**MATERIAL TO PROCESS**

^^^^^^^^

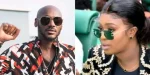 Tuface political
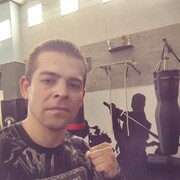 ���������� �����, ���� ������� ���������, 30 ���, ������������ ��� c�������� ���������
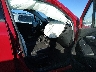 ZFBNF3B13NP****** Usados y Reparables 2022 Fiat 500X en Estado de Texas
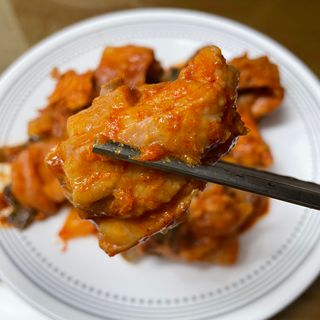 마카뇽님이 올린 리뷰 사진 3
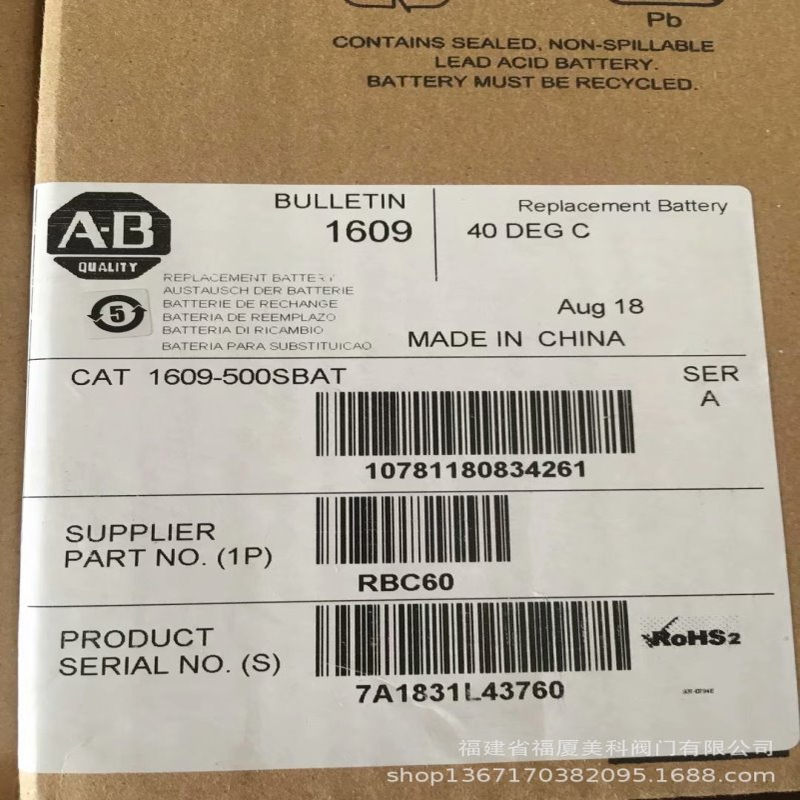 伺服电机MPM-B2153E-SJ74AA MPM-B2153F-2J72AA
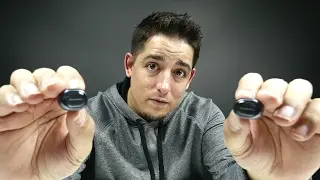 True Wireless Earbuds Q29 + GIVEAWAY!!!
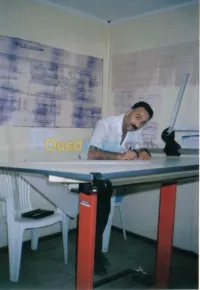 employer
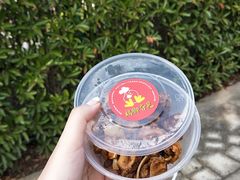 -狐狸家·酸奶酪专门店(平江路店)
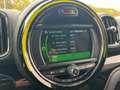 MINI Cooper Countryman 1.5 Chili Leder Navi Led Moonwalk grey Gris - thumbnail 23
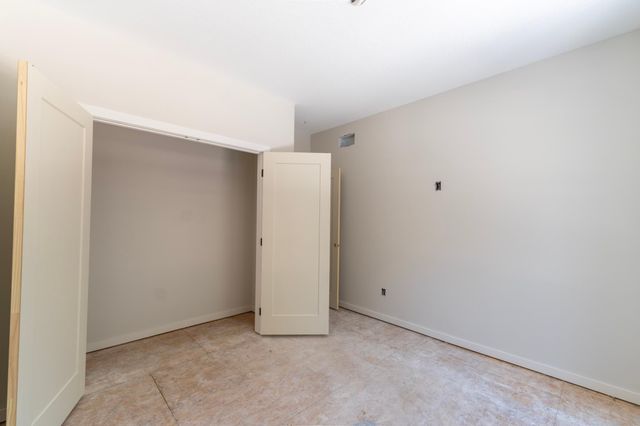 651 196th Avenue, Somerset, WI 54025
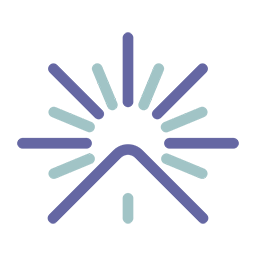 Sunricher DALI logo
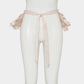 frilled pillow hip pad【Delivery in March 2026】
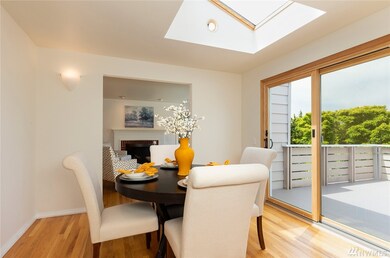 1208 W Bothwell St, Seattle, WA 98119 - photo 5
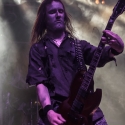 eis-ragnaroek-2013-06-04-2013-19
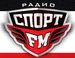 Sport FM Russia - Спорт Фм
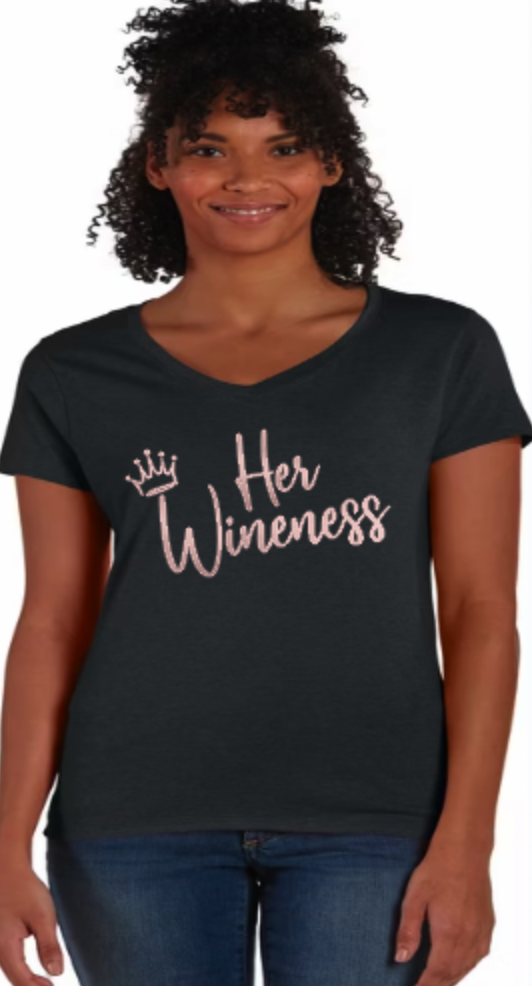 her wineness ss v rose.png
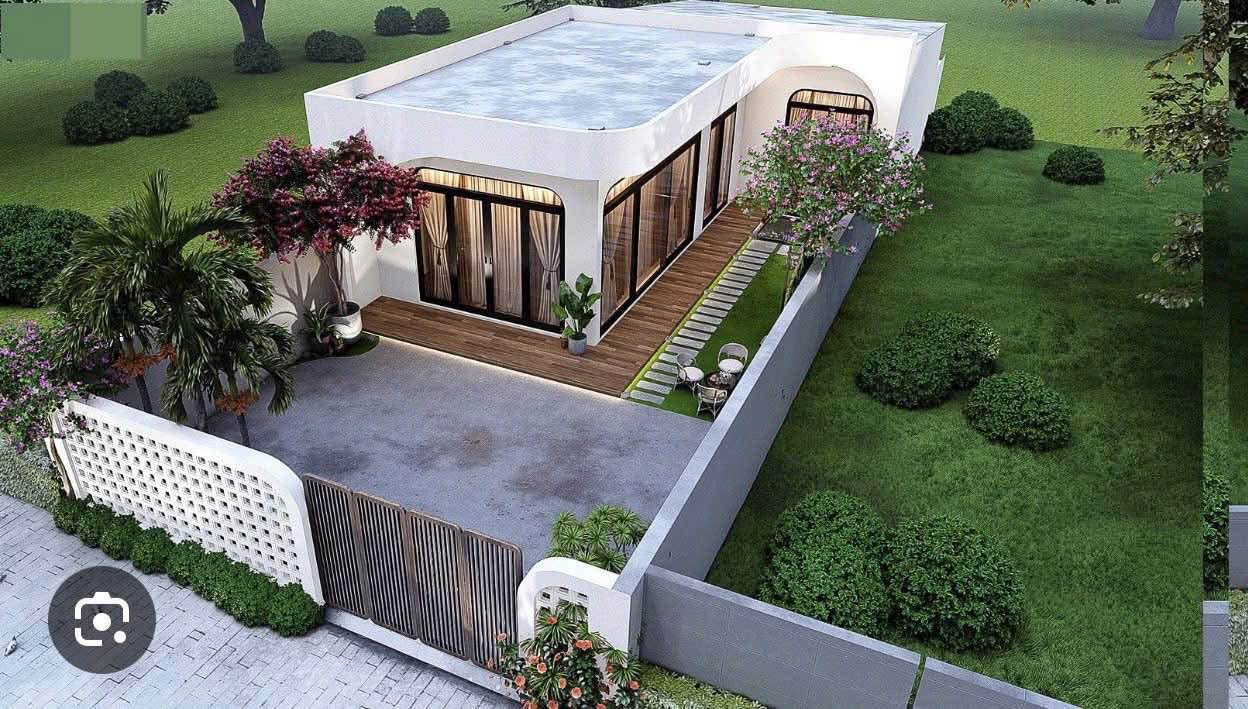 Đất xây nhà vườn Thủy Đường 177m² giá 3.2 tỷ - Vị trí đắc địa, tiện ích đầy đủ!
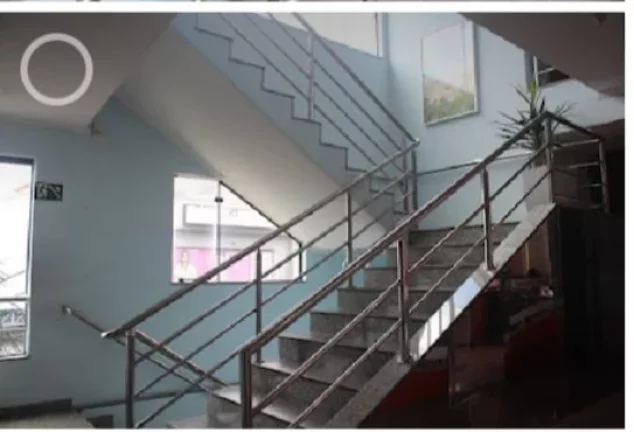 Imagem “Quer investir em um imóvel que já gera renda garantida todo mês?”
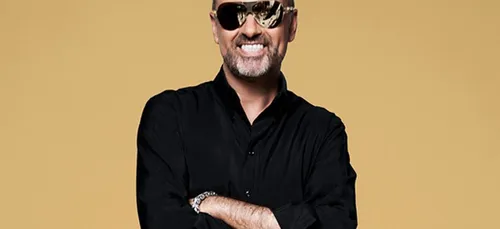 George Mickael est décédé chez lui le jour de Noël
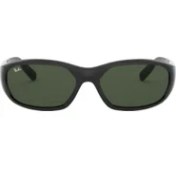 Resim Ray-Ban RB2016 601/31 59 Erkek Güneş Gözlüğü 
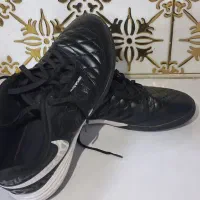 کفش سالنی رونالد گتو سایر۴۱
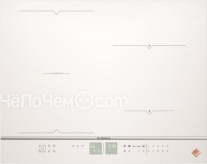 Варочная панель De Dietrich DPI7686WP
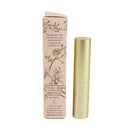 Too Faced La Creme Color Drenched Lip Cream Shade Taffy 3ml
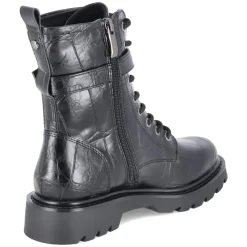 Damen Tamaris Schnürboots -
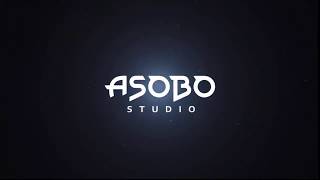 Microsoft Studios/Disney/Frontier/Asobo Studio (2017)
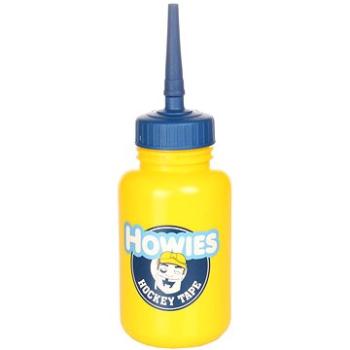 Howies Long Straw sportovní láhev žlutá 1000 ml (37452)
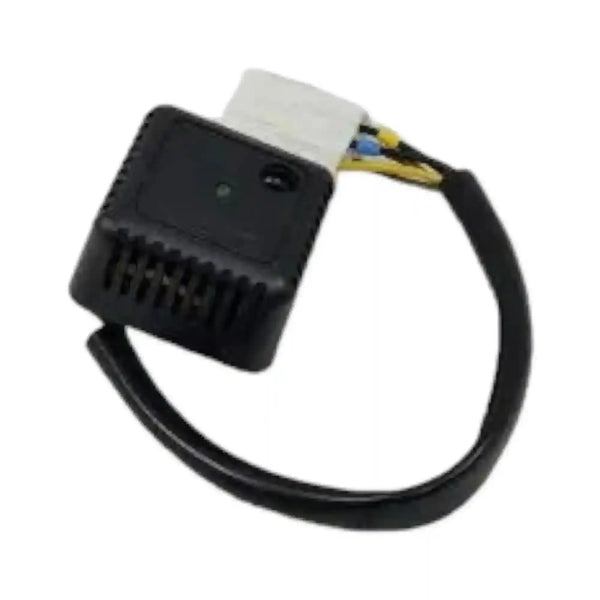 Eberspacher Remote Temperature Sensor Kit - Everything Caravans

^^^^^^^^

Apart from the pictures, write every entry out again exactly.

 Tuface political
 ���������� �����, ���� ������� ���������, 30 ���, ������������ ��� c�������� ���������
 ZFBNF3B13NP****** Usados y Reparables 2022 Fiat 500X en Estado de Texas
 마카뇽님이 올린 리뷰 사진 3
 伺服电机MPM-B2153E-SJ74AA MPM-B2153F-2J72AA
 True Wireless Earbuds Q29 + GIVEAWAY!!!
 employer
 -狐狸家·酸奶酪专门店(平江路店)
 MINI Cooper Countryman 1.5 Chili Leder Navi Led Moonwalk grey Gris - thumbnail 23
 651 196th Avenue, Somerset, WI 54025
 Sunricher DALI logo
 frilled pillow hip pad【Delivery in March 2026】
 1208 W Bothwell St, Seattle, WA 98119 - photo 5
 eis-ragnaroek-2013-06-04-2013-19
 Sport FM Russia - Спорт Фм
 her wineness ss v rose.png
 Đất xây nhà vườn Thủy Đường 177m² giá 3.2 tỷ - Vị trí đắc địa, tiện ích đầy đủ!
 Imagem “Quer investir em um imóvel que já gera renda garantida todo mês?”
 George Mickael est décédé chez lui le jour de Noël
 Resim Ray-Ban RB2016 601/31 59 Erkek Güneş Gözlüğü 
 کفش سالنی رونالد گتو سایر۴۱
 Варочная панель De Dietrich DPI7686WP
 Too Faced La Creme Color Drenched Lip Cream Shade Taffy 3ml
 Damen Tamaris Schnürboots -
 Microsoft Studios/Disney/Frontier/Asobo Studio (2017)
 Howies Long Straw sportovní láhev žlutá 1000 ml (37452)
 Eberspacher Remote Temperature Sensor Kit - Everything Caravans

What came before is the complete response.